● What you need to do: All that is wanted is the exact text of the lines below from the one with "Axle body /" through the one with "三一重工 SY285C 挖掘机", inclusive, minus any pictures.

● Recorded information:
————————

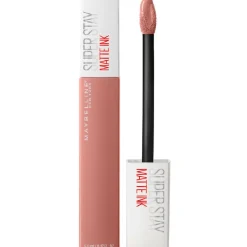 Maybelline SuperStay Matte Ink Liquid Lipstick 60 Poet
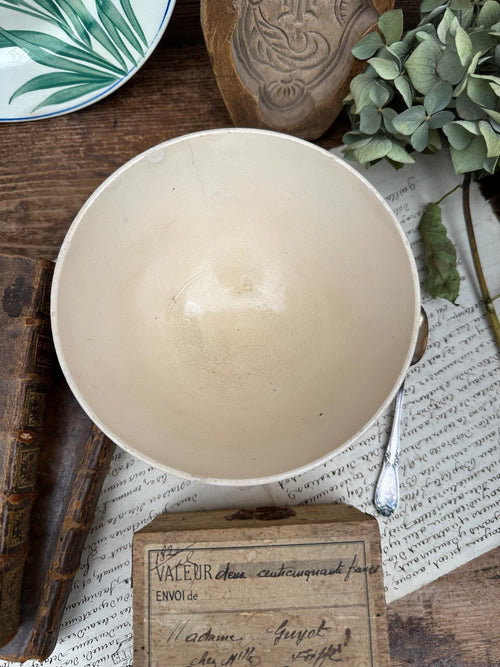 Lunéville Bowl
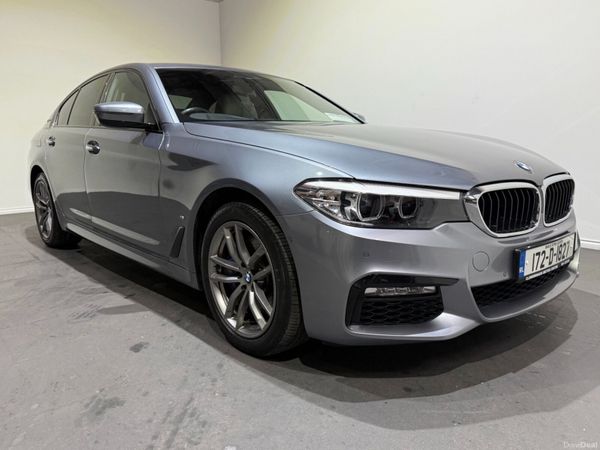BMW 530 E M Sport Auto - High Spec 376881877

————————

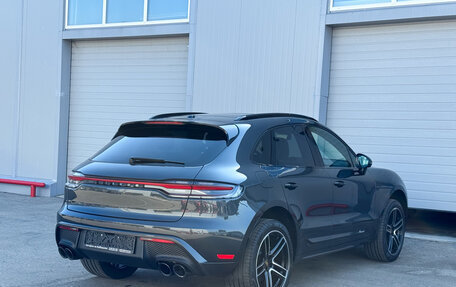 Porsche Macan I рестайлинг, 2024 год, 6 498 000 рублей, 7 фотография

————————

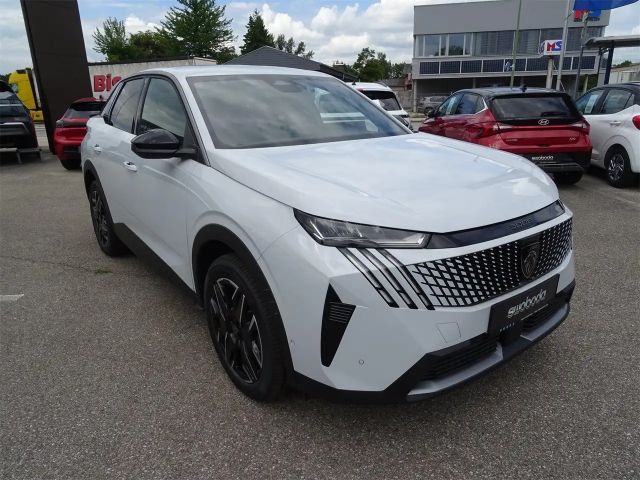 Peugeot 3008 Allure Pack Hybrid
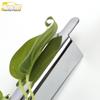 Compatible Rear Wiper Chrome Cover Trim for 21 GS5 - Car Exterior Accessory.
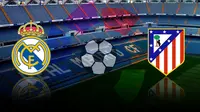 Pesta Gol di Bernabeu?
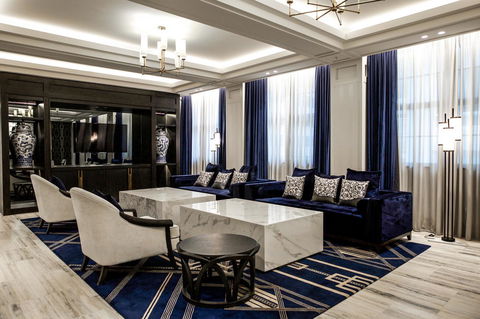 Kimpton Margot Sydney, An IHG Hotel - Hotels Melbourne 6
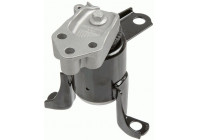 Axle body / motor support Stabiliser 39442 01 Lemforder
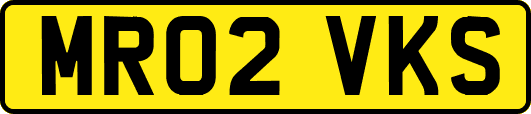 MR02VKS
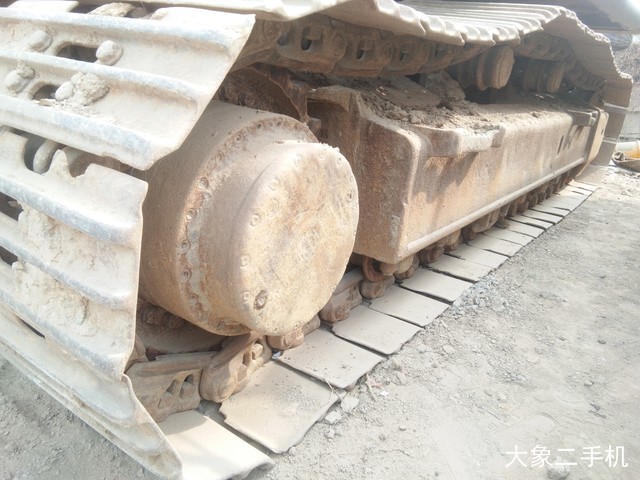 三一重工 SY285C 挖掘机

————————

● Expected output:
 Axle body / motor support Stabiliser 39442 01 Lemforder
 MR02VKS
 三一重工 SY285C 挖掘机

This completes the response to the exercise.